Under the new procedure, beginning March 1, asylum seekers arriving at an offshore processing center will immediately be assessed by an immigration official as to whether they fit the U.N. refugee criteria. If a decision cannot be reached, they will be given a chance to respond to any information about them that may negatively affect their claim, and their case will be turned over to an independent assessor.

“It is important that the government balances the need for a rigorous assessment process with the need for timely and efficient processing of asylum claims,” Bowen said. “It is also important for the integrity of the system that people whose claims are rejected do not unduly delay their return to their country of origin through repeated and unmeritorious appeals.”

November’s landmark High Court ruling supported two Sri Lankan men who have been detained since October 2009 on Christmas Island after illegally entering Australian waters. They claimed to be refugees fleeing persecution in Sri Lanka due to their support for Tamil Tiger rebels.

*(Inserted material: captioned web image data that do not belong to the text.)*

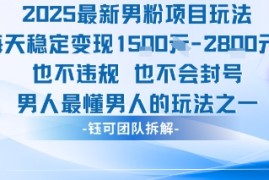2025最新男粉项目玩法每天变现1k 也不违规也不会封号男人最懂男人的玩法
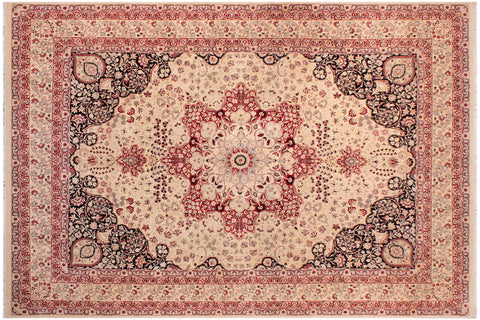 handmade Traditional Kirman Beige Red Hand Knotted RECTANGLE 100% WOOL area rug 9x12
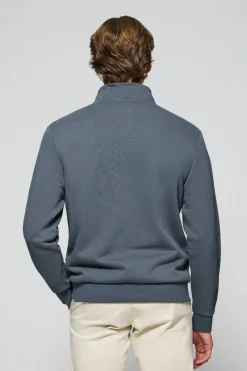 Polo Club Sweat-Shirts*Sweat-shirt à fermeture éclair partielle bleu avec logo Rigby Go Denim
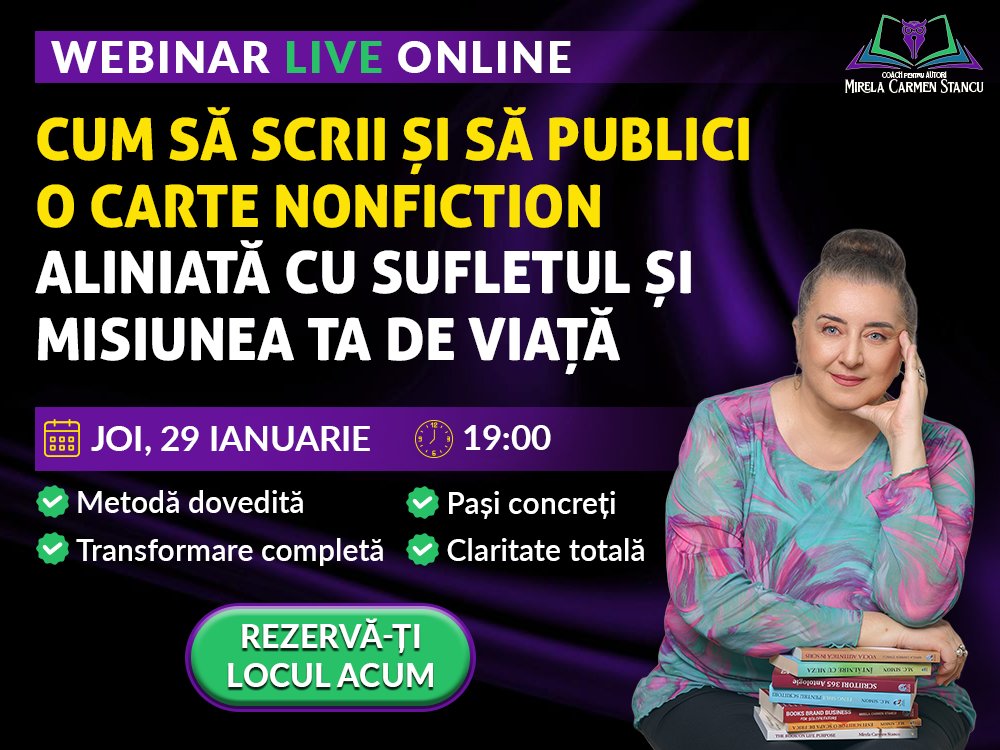 Pe 29 ianuarie 2026, ora 19:00, te invit la webinarul GRATUIT unde vei descoperi exact cum să scrii și să publici o carte nonfiction aliniată cu sufletul și misiunea ta de viață.
Povestea ta merită spusă.
Începe AICI: 👇
mirelacarmenstancu.ro/webinar-29-01-…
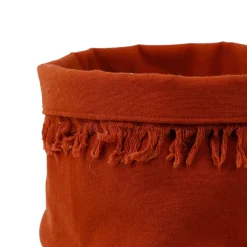 Panière à pain en coton terracotta d18cm - Nalia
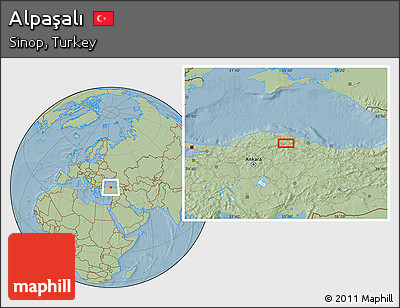 Savanna Style Location Map of Alpaşalı, hill shading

But their applications for refugee visas were denied, and they faced deportation before they appealed to the High Court.

The court ruled that it was an error of law to deny asylum seekers not on the Australian mainland the right to apply for refugee status, and opened the door for at least 1,000 rejected applicants to appeal.

Australia has long been a destination for people from poor, often war-ravaged countries hoping to start a new life, and more than 6,200 people arrived by boat in Australian waters last year. Most asylum seekers in recent years have come from Afghanistan, Iran and Iraq. They typically fly to Indonesia before continuing to Australia in cramped, barely seaworthy boats.

The increasing numbers of boat arrivals has kicked off an ongoing political debate, with the opposition demanding stricter laws to deter would-be illegal migrants.

Tony Abbott, leader of the opposition, called the government’s decision “more hand-wringing” because it had lost control of Australia’s borders.

“There is really only one way to address this, and that is to stop the boats, and nothing in today’s announcement by the government will actually stop the boats,” Abbott said. “As long as the boats keep coming, we will have these problems.”